マイクロソフトは9月30日,同社の企業向けマーケティング活動に関する記者説明会を開催した。ビジネス&マーケティング担当のアダム・テイラー執行役常務が,同社の各ビジネス・グループの現況について触れ,同社の7ビジネス・グループの中でも唯一日本に進出していない「ビジネス・ソリューション」事業について「日本でのビジネス展開を検討し始めている。2005年は日本市場を理解するための準備期間に当てる」と述べた。

 マイクロソフトのビジネス・ソリューション事業は,2002年に同社が米Great Plainsを買収して始まった事業。主な製品に中小企業向けERP(Enterprise Resource Planning)製品である「Great Plains」や「Microsoft Business Solutions-Axapta」,CRM(Customer Relationship Management)製品の「Microsoft CRM」などがある。同事業に従事する社員数は3900人で,25万社のクライアントがあるという。

 日本でも今年3月に「マイクロソフトビジネスソリューション本部」を設立。
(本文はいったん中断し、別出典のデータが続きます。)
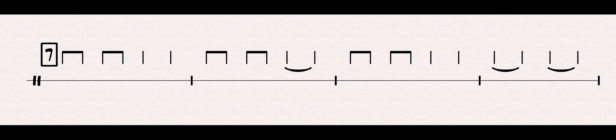Ready? Let's try speaking it from the beginning. One, two, ready, go. TA-DI, TA-DI, TA-TA, TA-DI, TA-A, TA-DI, TA-A, TA-DI, TA-DI, TA-A, TA-A, TA-A, TA-A, TA-A, TA-A.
本部長には保々雅世氏(元ヴィリアネット・ジャパン社長)が就任した。保々氏は独SAPで「SAP R/3」の日本向け開発に携わった経歴を持つという。テイラー執行役常務は「ERPやCRMに関する日本市場の特殊性に考慮し,適切なパートナ,顧客,ビジネス・モデルを見つけられるよう準備にはできるだけ時間をかける」と述べ,日本市場に参入するかどうかについての決断も,2005年以降に決断なると語った。
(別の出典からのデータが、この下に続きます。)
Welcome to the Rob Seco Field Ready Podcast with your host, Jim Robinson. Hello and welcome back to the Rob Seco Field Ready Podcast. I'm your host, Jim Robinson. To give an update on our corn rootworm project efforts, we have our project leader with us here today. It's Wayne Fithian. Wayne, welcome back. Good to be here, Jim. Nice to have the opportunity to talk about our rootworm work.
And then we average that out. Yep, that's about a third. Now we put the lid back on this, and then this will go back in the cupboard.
 テイラー執行役常務はこのほか,Windowsクライアント事業やオフィス(Information Worker)事業,サーバー/開発ツール事業などにも触れた。Windowsクライアントに関しては当面,Windows XP Service Pack 2(SP2)の啓蒙活動や,Windows 9x系からWindows XP Professionalへの移行に注力すると述べている。次世代WindowsクライアントであるLonghorn(開発コード名)に関しては「登場まで2年以上かかる」とし,企業向けの新機能についても「OSの展開やクライアント管理,セキュリティ保護がさらに簡単になるほか,新しいAPI(WinFX)によって,業務用アプリケーションの開発生産性が向上する」と述べるにとどまった。

 オフィス事業に関しては,Office 2003に追加されたカスタマー・フィードバック機能についてアピール。例えばOffice 2003のMicrosoft IMEは,ユーザーが辞書に追加した単語をマイクロソフトに送信する機能などが追加されたため(「カスタマエクスペリエンス向上プログラム」に参加したユーザーだけが対象),「Office Updateサービスで提供しているIME辞書のアップデートは,ユーザーから集めた新しい単語が元になっている」(テイラー執行役常務)と語っている。

 サーバー/開発ツール事業に関しては,来年にリリースする予定のWindows Server 2003 Service Pack 1(SP1)に触れ,Windows XP SP2に搭載されたものをベースとするセキュリティ強化機能が追加されることや,VPN(仮想プライベート・ネットワーク)経由で社内ネットワークにアクセスしようとするクライアントPCについて,接続前にセキュリティ診断などを実施する「検疫機能」が追加されることをアピールした。